Persoalannya, itu tak hanya terjadi di Indonesia, melainkan merupakan fenomena yang agak mendunia. Carlos Menem di Argentina pada dekade ini juga melakukan hal serupa. Menem pun besar karena ia didukung oleh kelompok Peronisme, pendukung utama Juan Peron, pemimpin besar Argentina yang karismanya sebesar Bung Karno.
Seperti Bung Karno, Peron juga seorang yang sangat nasionalistik dalam program ekonominya dan disemangati oleh jargon anti-kapitalisme dan anti-liberalisme. Namun, Carlos Menem sebagai seorang penganut Peronisme berbalik membuat langkah yang tak diduga pendukungnya. Kebijakan ekonomi yang Menem kembangkan adalah ekonomi liberal-kapitalistik. Ia justru menswastakan perusahaan negara, melakukan serangkaian deregulasi, dan mengurangi keterlibatan pemerintah untuk menuju sistem pasar dan perdagangan bebas. Ia melakukan berbagai kebijakan yang dulu ditentang oleh pendukung tradisionalnya.

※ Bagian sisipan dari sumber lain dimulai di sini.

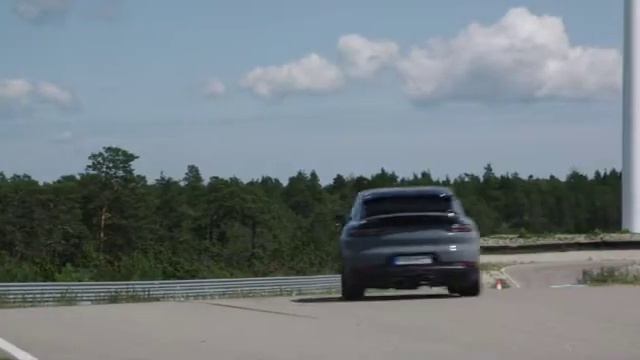 Cayenne Turbo GT - Arctic Grey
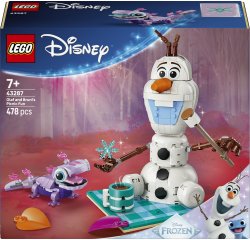 LEGO Disney Princess Olaf and Bruni's Picnic Fun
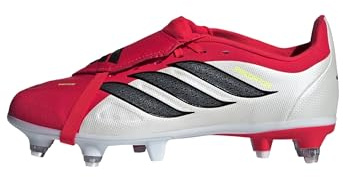 adidas Unisex League Kids Fußballschuh, weiche Böden, umschlagbare Zunge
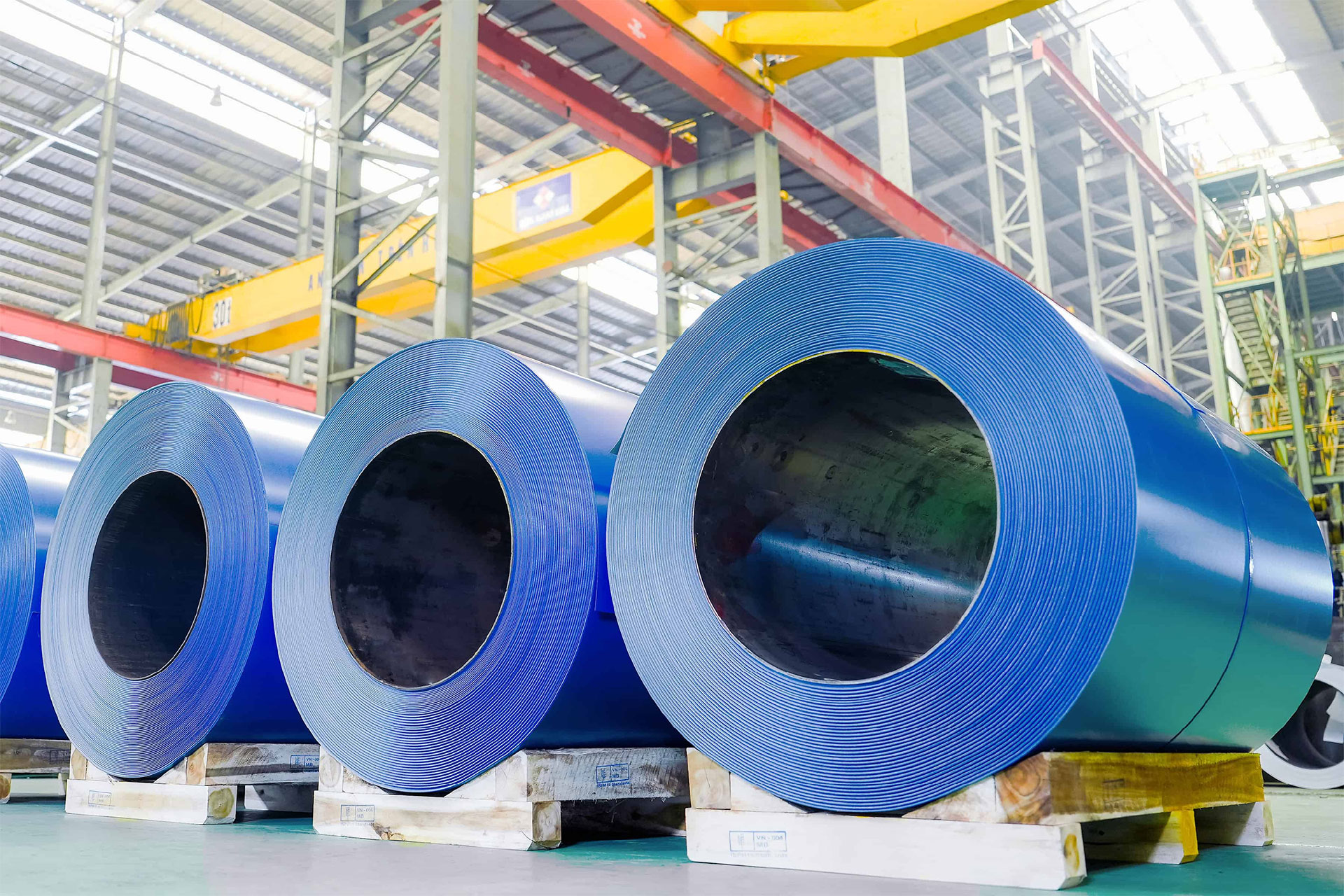 Are Color Coated Coils the Future of Metal Roofing?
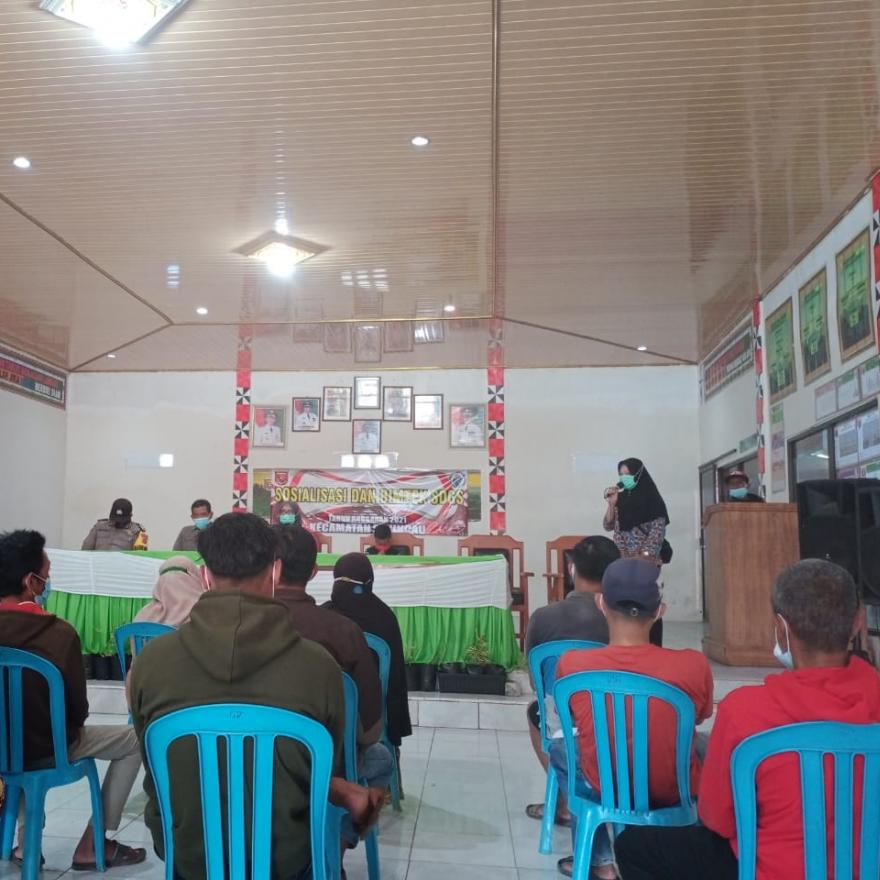 PEKON GIHAM SUKAMAJU SALURAN BLT DD BULAN FEBRUARI 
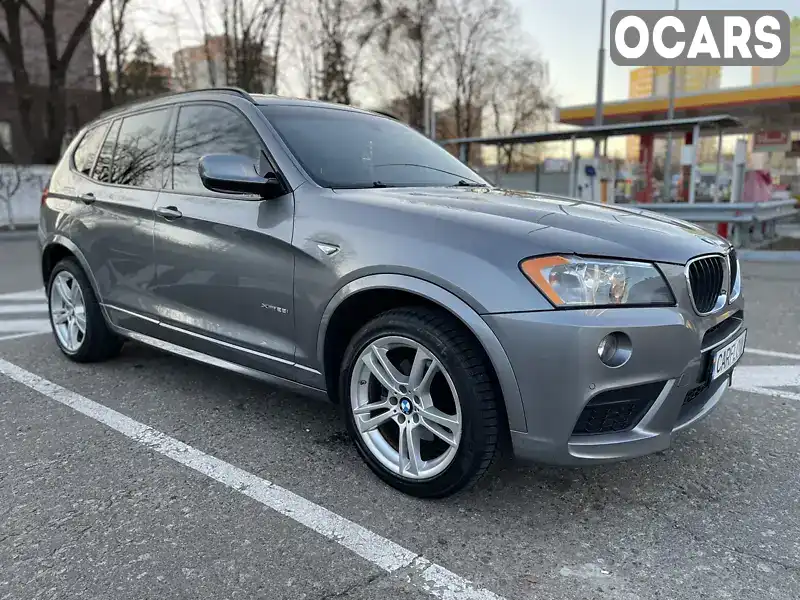 Позашляховик / Кросовер BMW X3 2013 2 л. Автомат обл. Київська, Київ - Фото 1/13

Mengapa itu terjadi? Megawati dan Carlos Menem, serta kita semua, kini hidup di era baru. Kita berada dalam era yang di dalamnya kapitalisme tengah menyelesaikan pertarungannya yang terakhir, baik melawan sosialisme maupun nasionalisme ekonomi. Menggunakan term Fukuyama, kini kita berada dalam “The end of the History” dari pertarungan ideologi dunia. Namun, pemenangnya bukanlah demokrasi seperti yang dikira Fukuyama, melainkan kapitalisme.
Ideologi ekonomi yang sosialistik dan komunistik sudah tumbang lebih dahulu. Di Eropa Timur serta eks negara Uni Soviet, transisi menuju kapitalisme semakin hari semakin dalam. Sementara Cina, negeri besar komunis yang tersisa, semakin pragmatis pula untuk semakin menerapkan elemen kapitalisme. Kini, program ekonomi yang nasionalistik dan populistik menyusul pudar dan semakin ditinggalkan oleh pendukung lamanya. Sementara kapitalisme, dengan berbagai variannya, semakin berjaya. Dengan melemahnya sosialisme (komunisme) dan nasionalisme ekonomi, kapitalisme semakin tak memiliki saingan sebagai ideologi dunia.
Mengapa harus kapitalisme yang menang? Keberhasilan pembangunan ekonomi menjadi kunci akhir pertarungan ideologi. Sekuat apa pun sistem politik yang mengontrolnya dan secanggih apa pun filsafat sosial yang mendasarinya, jika ideologi tidak berakhir dengan tumbuhnya perekonomian nasional, ideologi itu akan kehilangan legitimasi. Sejarah menunjukkan prestasinya dalam mendongkrak pertumbuhan ekonomi.
Pertarungan selanjutnya terjadi antara berbagai variasi dalam sistem kapitalisme itu sendiri. Kapitalisme yang berkembang di dunia ketiga umumnya, termasuk di Indonesia, berbeda dengan yang ada di Barat. Di dunia ketiga, kapitalisme tidak saja diwarnai oleh besarnya peran pemerintah dalam mengarahkan perekonomian nasional, tapi juga ia dikawal oleh sistem politik yang otoritarian.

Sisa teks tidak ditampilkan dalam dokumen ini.